--- Recorded data ---
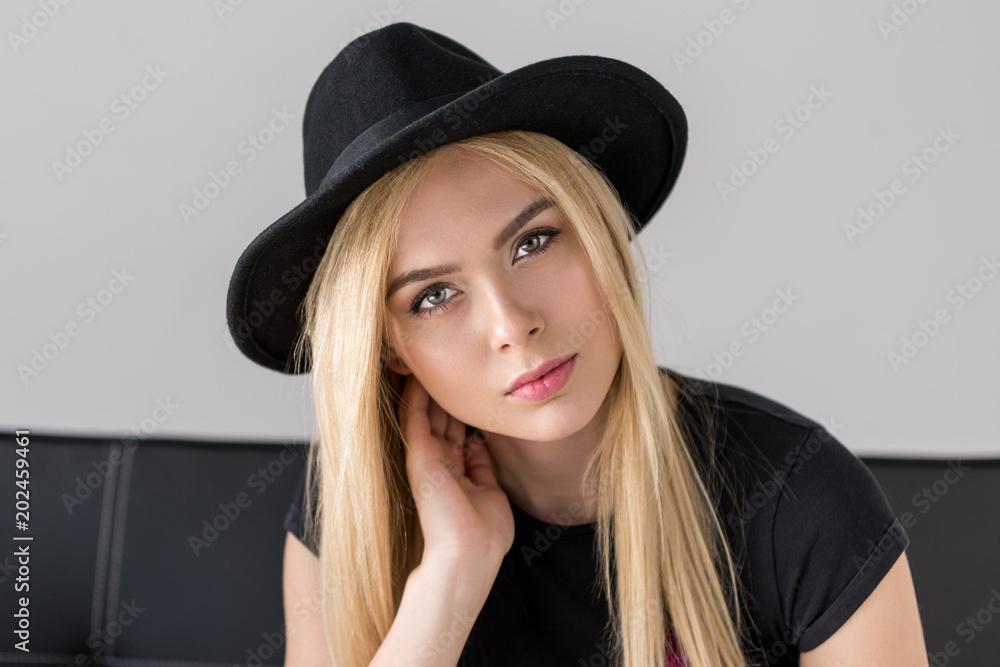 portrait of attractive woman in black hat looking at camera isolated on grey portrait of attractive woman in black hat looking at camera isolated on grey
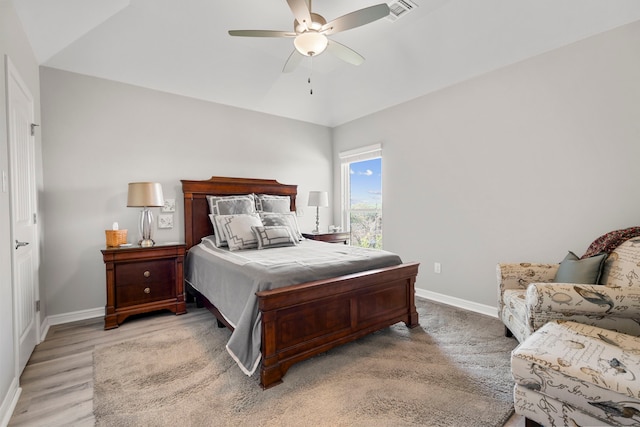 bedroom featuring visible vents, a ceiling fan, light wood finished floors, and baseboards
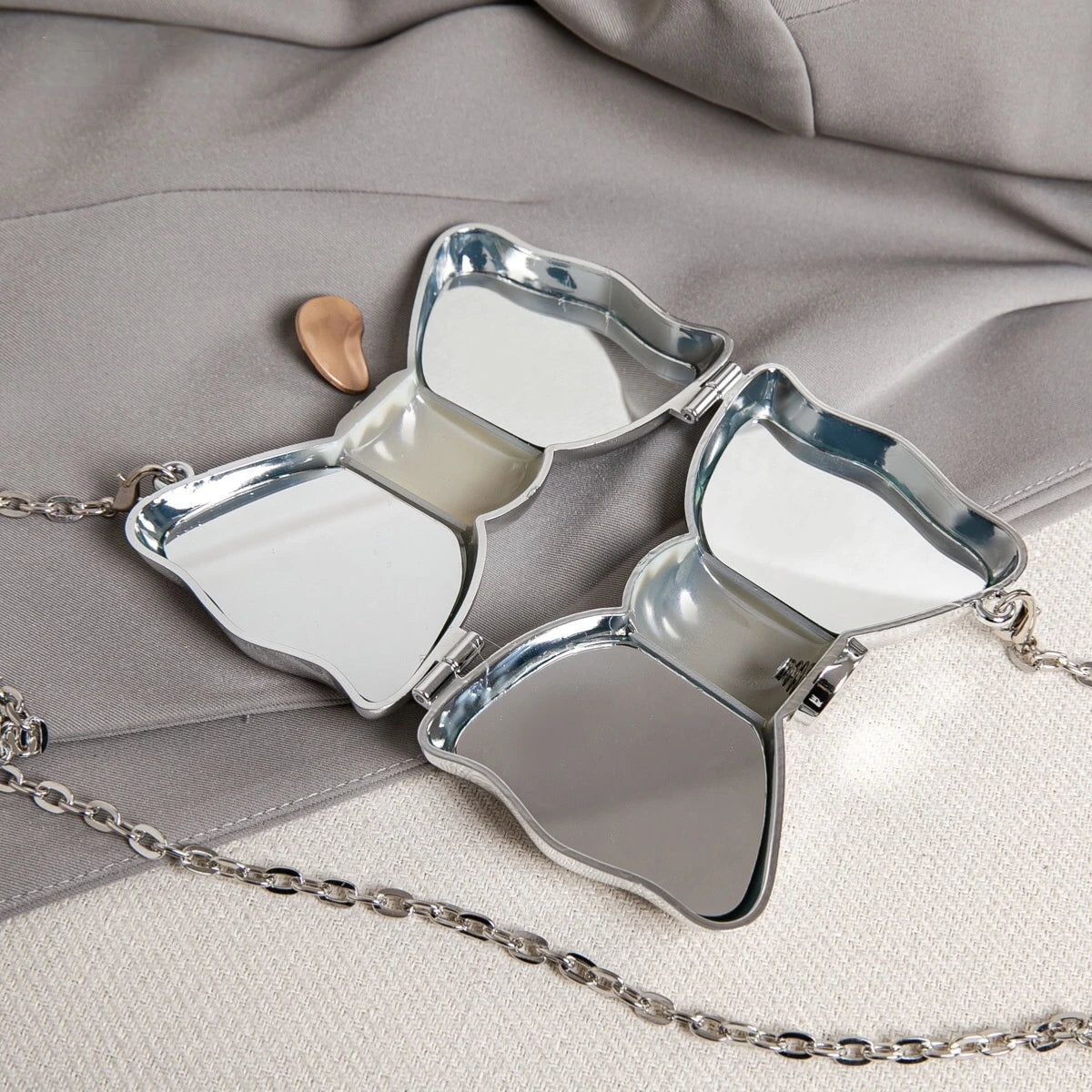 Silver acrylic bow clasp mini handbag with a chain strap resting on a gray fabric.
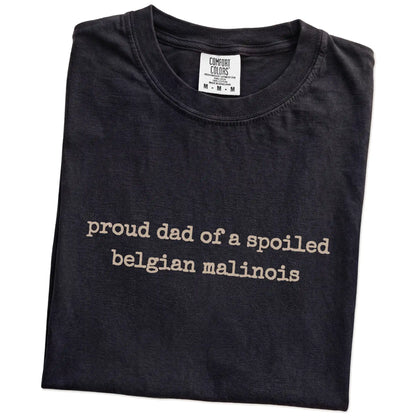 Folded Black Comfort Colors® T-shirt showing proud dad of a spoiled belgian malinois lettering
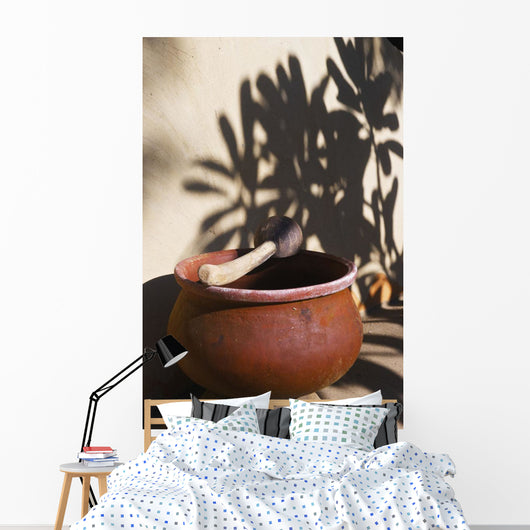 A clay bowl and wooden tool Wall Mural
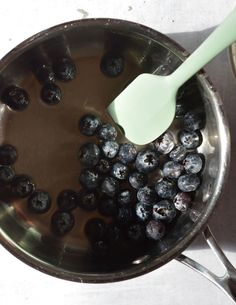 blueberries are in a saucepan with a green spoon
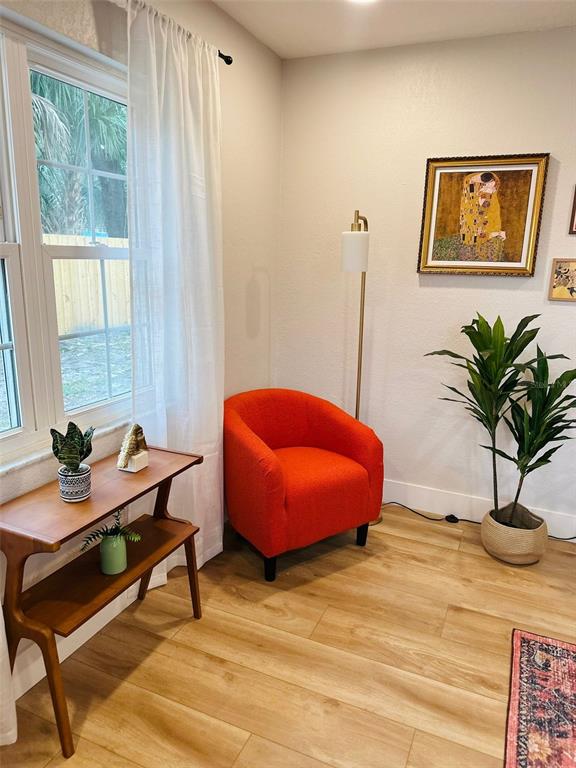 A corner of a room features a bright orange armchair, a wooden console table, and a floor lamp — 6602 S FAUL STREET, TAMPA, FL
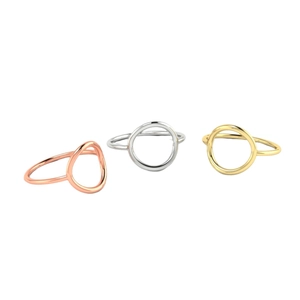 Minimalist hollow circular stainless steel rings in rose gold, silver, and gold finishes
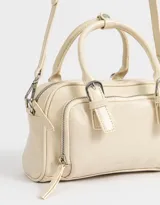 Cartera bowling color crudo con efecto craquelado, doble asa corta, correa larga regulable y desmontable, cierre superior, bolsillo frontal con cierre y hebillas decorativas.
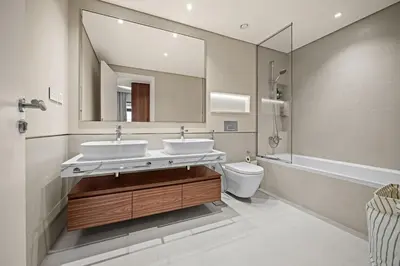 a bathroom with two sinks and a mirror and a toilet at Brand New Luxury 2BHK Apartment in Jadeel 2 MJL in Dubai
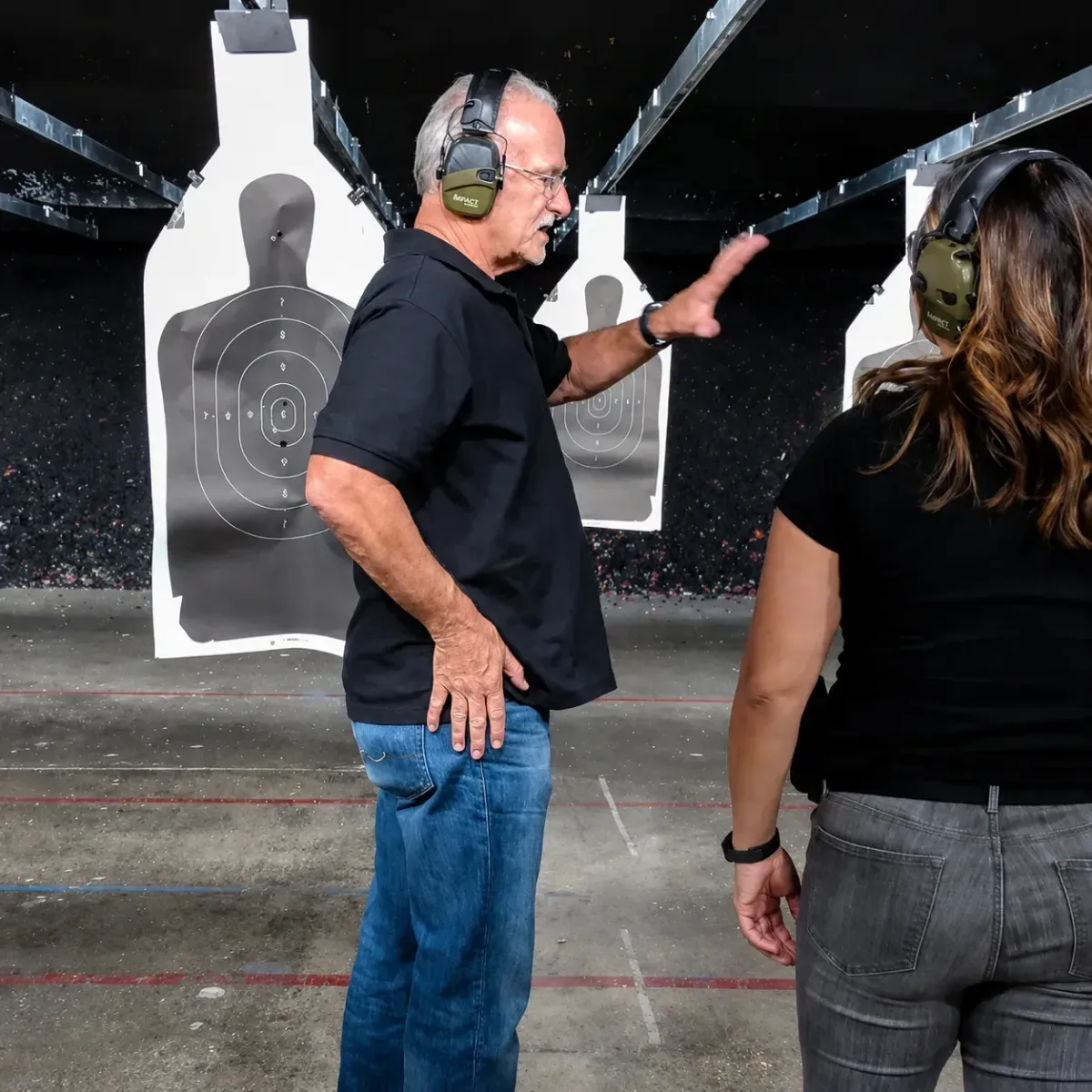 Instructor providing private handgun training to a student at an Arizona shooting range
---
## Work to complete:
Write back word for word every line in the entries above from the one with "A clay bowl and wooden tool Wall Mural" to the one with "Minimalist hollow circular", ends included, and none of the pictures.

## Solution for this task:
 A clay bowl and wooden tool Wall Mural
 blueberries are in a saucepan with a green spoon
 A corner of a room features a bright orange armchair, a wooden console table, and a floor lamp — 6602 S FAUL STREET, TAMPA, FL
 Minimalist hollow circular stainless steel rings in rose gold, silver, and gold finishes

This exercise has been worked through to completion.